-- Opening Marker --
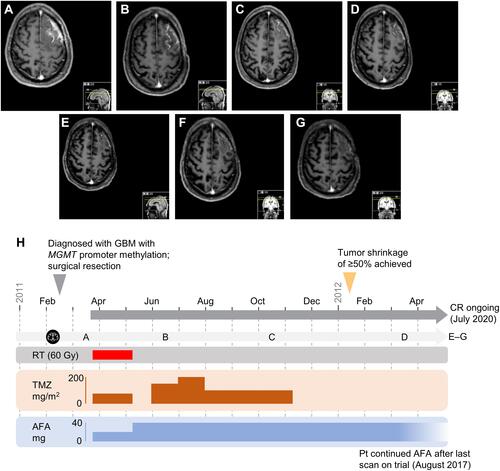 Figure 1 Radiological Disease Assessment in Patient 1. (A) March 2011: Scan taken at entry (baseline) for trial 1200.38. Treatment with afatinib (20 mg QD), RT (60 Gy in 30 fractions over 6 weeks) and TMZ (75 mg/m2 QD) commenced in the same month. From 06 May 2011, the patient received afatinib (40 mg QD) monotherapy for approximately 4 weeks. The patient then began six cycles of afatinib (40 mg QD) with TMZ (100–200 mg/m2 for Days 1–5 of each 28-day cycle) on May 31, 2011. (B) June 2011: Scan taken during Cycle 1, after 10 weeks of treatment with afatinib ± TMZ. (C) October 2011: Scan taken during Cycle 5 of 6 with afatinib with TMZ QD (Days 1–5 per cycle). The patient then received afatinib monotherapy from November 2011. (D) March 2012: Scan taken during Cycle 10, after approximately one year of treatment. Tumor shrinkage ≥ 50% was achieved in January 2012 and maintained beyond March 2015. (E) April 2013 (Cycle 24). (F) March 2014 (Cycle 36). (G) March 2015 (Cycle 48). Patient continued afatinib monotherapy as part of a Named Patient Use program after August 2017. As of July 2020, the patient was well and continued to show a complete response based on local neurological review. (H) Timeline of treatment and response. Horizontal dark gray arrow represents time on treatment before disease progression. The dates of the scans shown in panels (A-G) are illustrated on the light gray horizontal arrow, which is labelled with the black, circular scan icon.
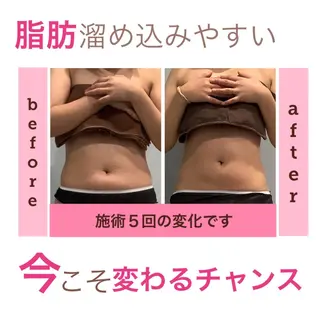 エステサロン JURISのエステ・リラクイメージ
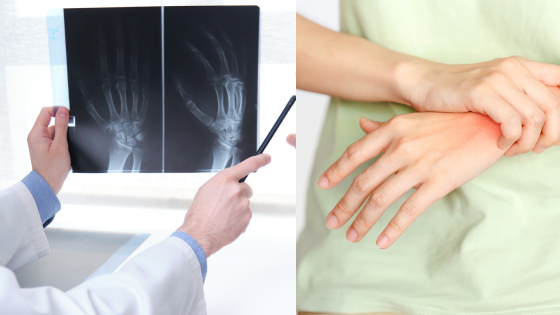 Radiographic non-progression linked to greater low disease activity achievement in psoriatic arthritis patients on secukinumab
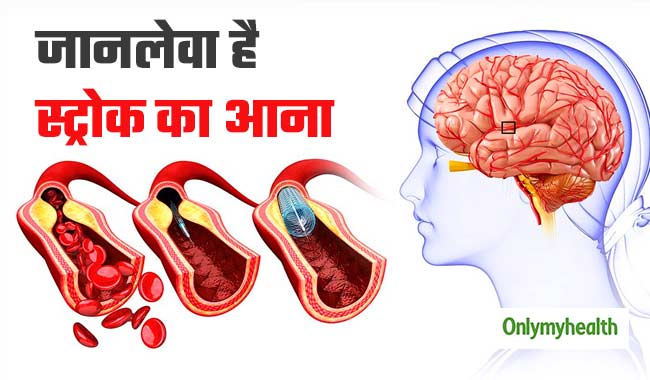 स्‍ट्रोक आने पर मस्तिष्‍क में रूक जाता है खून का प्रवाह, हाई ब्‍लड प्रेशर है इसकी वजह  
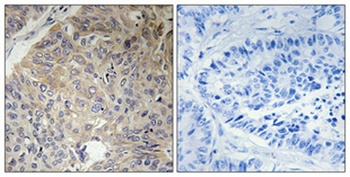 Eg5 antibody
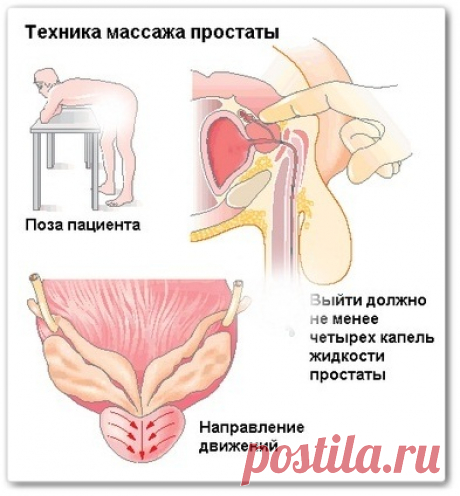 Массаж простаты (обучающее видео)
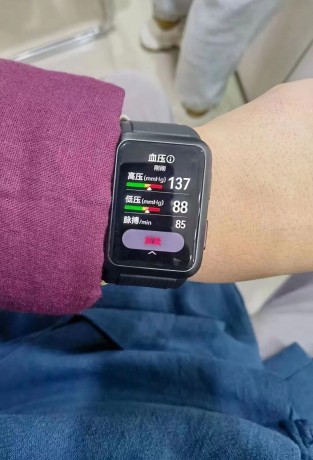 صندوق Huawei Watch D وقراءات ضغط الدم (الصور: عبر Weibo)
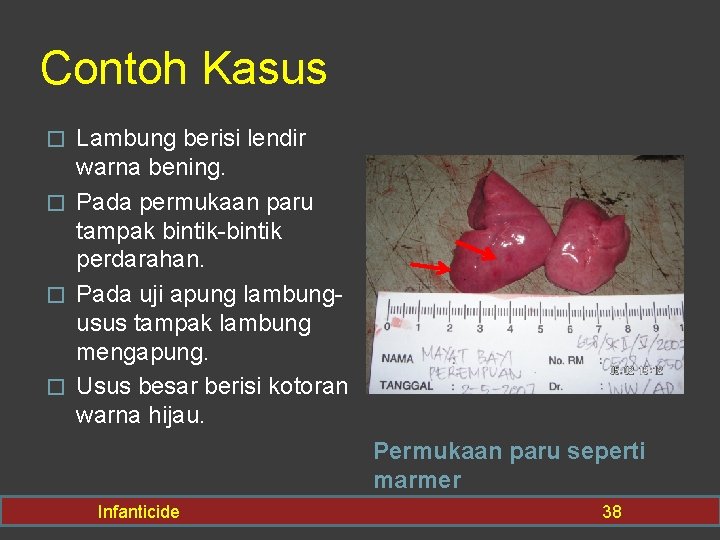 Contoh Kasus Lambung berisi lendir warna bening. � Pada permukaan paru tampak bintik-bintik perdarahan.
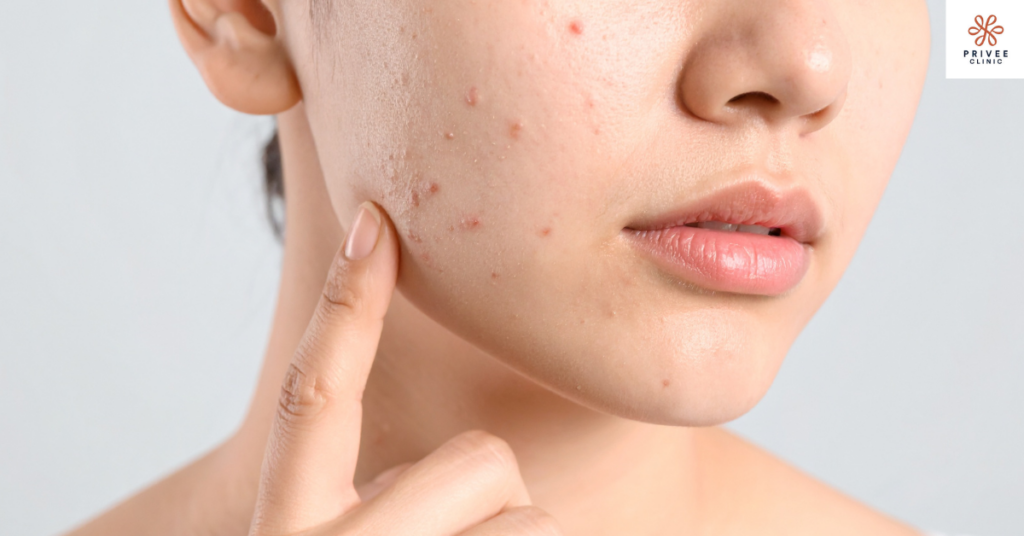 jerawat di pelipis privee clinic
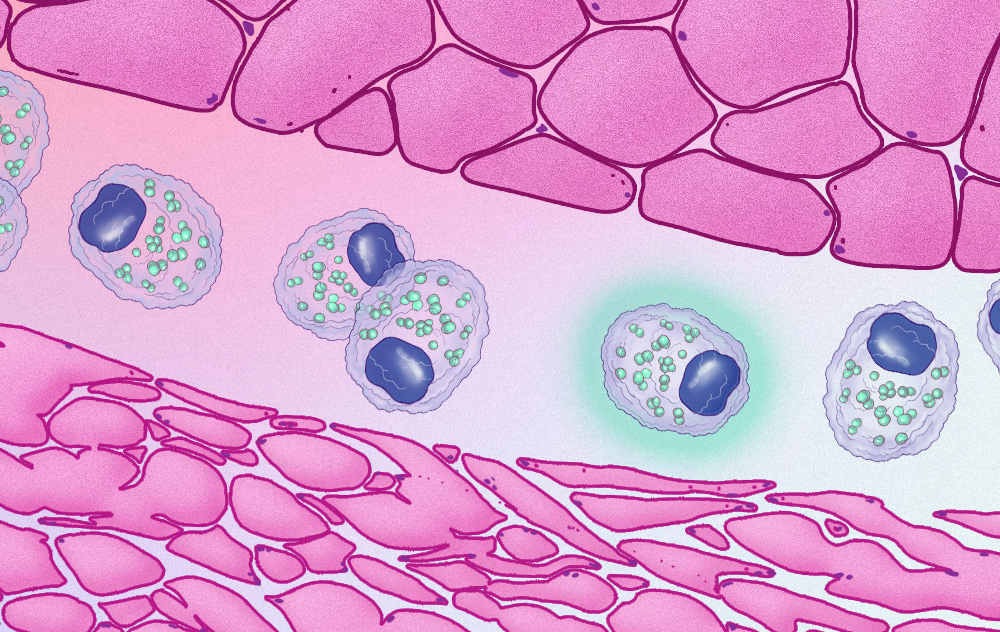 Cancer cachexia medical illustration showing metabolic muscle wasting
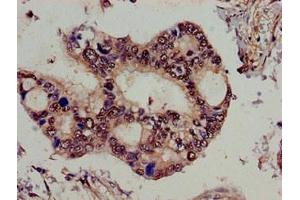 Immunohistochemistry of paraffin-embedded human pancreatic cancer using ABIN7159025 at dilution of 1:100 (SPG21 anticorps  (AA 1-308))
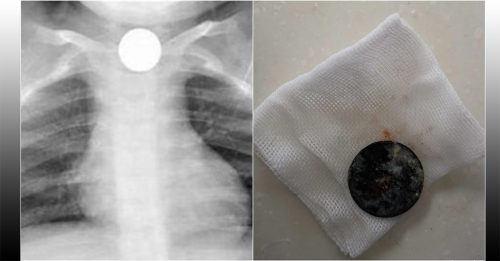 3歲童氣喘2個月 送院發現硬幣卡食道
-- Closing Marker --
Restate, word for word, all of the material above, leaving out the images.

**RESPONSE BOX:**
 Figure 1 Radiological Disease Assessment in Patient 1. (A) March 2011: Scan taken at entry (baseline) for trial 1200.38. Treatment with afatinib (20 mg QD), RT (60 Gy in 30 fractions over 6 weeks) and TMZ (75 mg/m2 QD) commenced in the same month. From 06 May 2011, the patient received afatinib (40 mg QD) monotherapy for approximately 4 weeks. The patient then began six cycles of afatinib (40 mg QD) with TMZ (100–200 mg/m2 for Days 1–5 of each 28-day cycle) on May 31, 2011. (B) June 2011: Scan taken during Cycle 1, after 10 weeks of treatment with afatinib ± TMZ. (C) October 2011: Scan taken during Cycle 5 of 6 with afatinib with TMZ QD (Days 1–5 per cycle). The patient then received afatinib monotherapy from November 2011. (D) March 2012: Scan taken during Cycle 10, after approximately one year of treatment. Tumor shrinkage ≥ 50% was achieved in January 2012 and maintained beyond March 2015. (E) April 2013 (Cycle 24). (F) March 2014 (Cycle 36). (G) March 2015 (Cycle 48). Patient continued afatinib monotherapy as part of a Named Patient Use program after August 2017. As of July 2020, the patient was well and continued to show a complete response based on local neurological review. (H) Timeline of treatment and response. Horizontal dark gray arrow represents time on treatment before disease progression. The dates of the scans shown in panels (A-G) are illustrated on the light gray horizontal arrow, which is labelled with the black, circular scan icon.
 エステサロン JURISのエステ・リラクイメージ
 Radiographic non-progression linked to greater low disease activity achievement in psoriatic arthritis patients on secukinumab
 स्‍ट्रोक आने पर मस्तिष्‍क में रूक जाता है खून का प्रवाह, हाई ब्‍लड प्रेशर है इसकी वजह  
 Eg5 antibody
 Массаж простаты (обучающее видео)
 صندوق Huawei Watch D وقراءات ضغط الدم (الصور: عبر Weibo)
 Contoh Kasus Lambung berisi lendir warna bening. � Pada permukaan paru tampak bintik-bintik perdarahan.
 jerawat di pelipis privee clinic
 Cancer cachexia medical illustration showing metabolic muscle wasting
 Immunohistochemistry of paraffin-embedded human pancreatic cancer using ABIN7159025 at dilution of 1:100 (SPG21 anticorps  (AA 1-308))
 3歲童氣喘2個月 送院發現硬幣卡食道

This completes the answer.